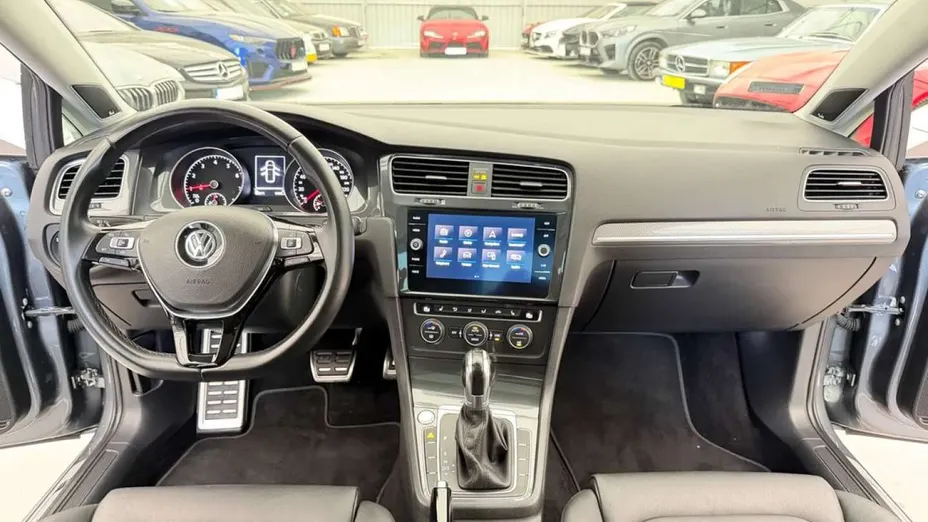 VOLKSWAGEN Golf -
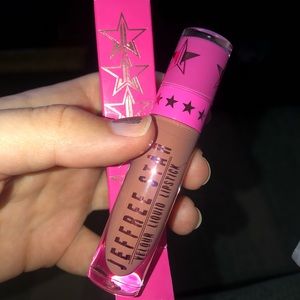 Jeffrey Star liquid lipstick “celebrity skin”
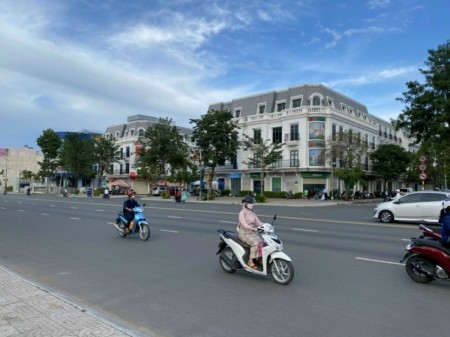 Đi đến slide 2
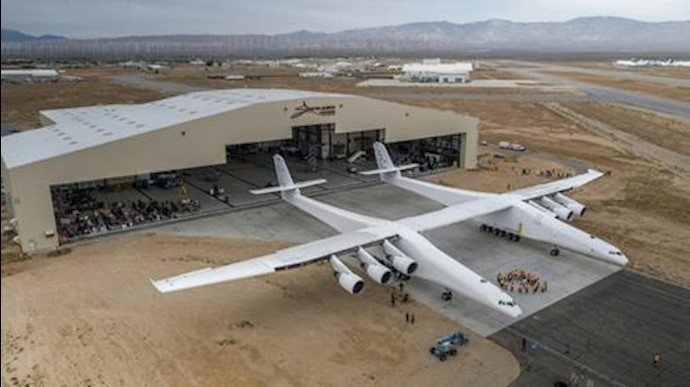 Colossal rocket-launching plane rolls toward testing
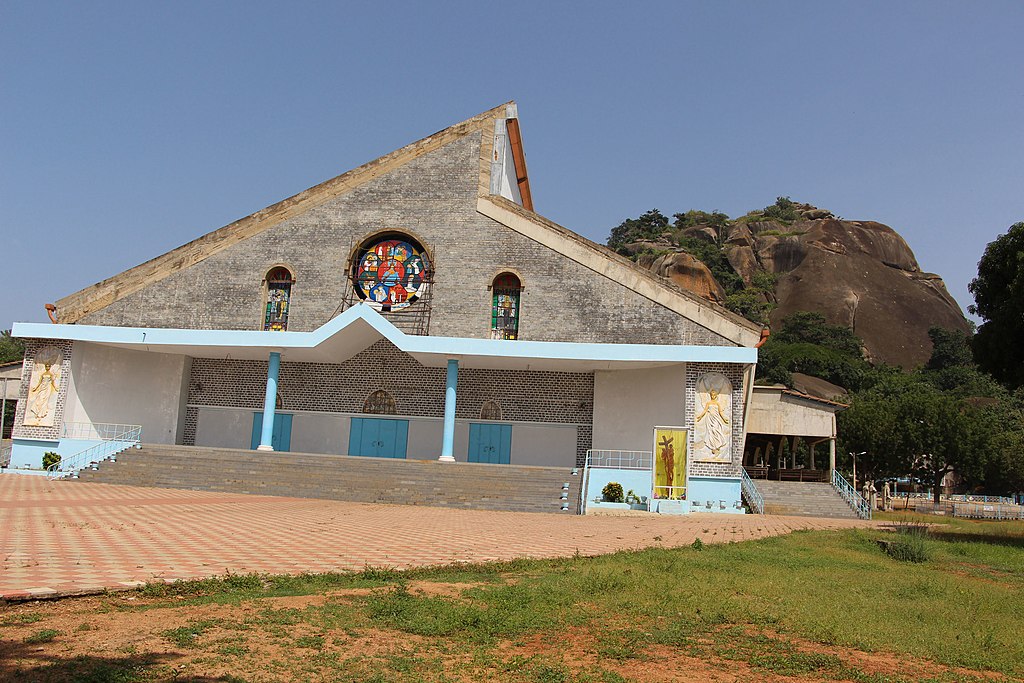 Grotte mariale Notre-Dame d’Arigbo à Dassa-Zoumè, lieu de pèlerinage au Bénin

#### [WHAT NEEDS TO BE DONE]
Line by line, write out the data above exactly, without the pictures.

#### [RESULT OF THE EXERCISE]
 VOLKSWAGEN Golf -
 Jeffrey Star liquid lipstick “celebrity skin”
 Đi đến slide 2
 Colossal rocket-launching plane rolls toward testing
 Grotte mariale Notre-Dame d’Arigbo à Dassa-Zoumè, lieu de pèlerinage au Bénin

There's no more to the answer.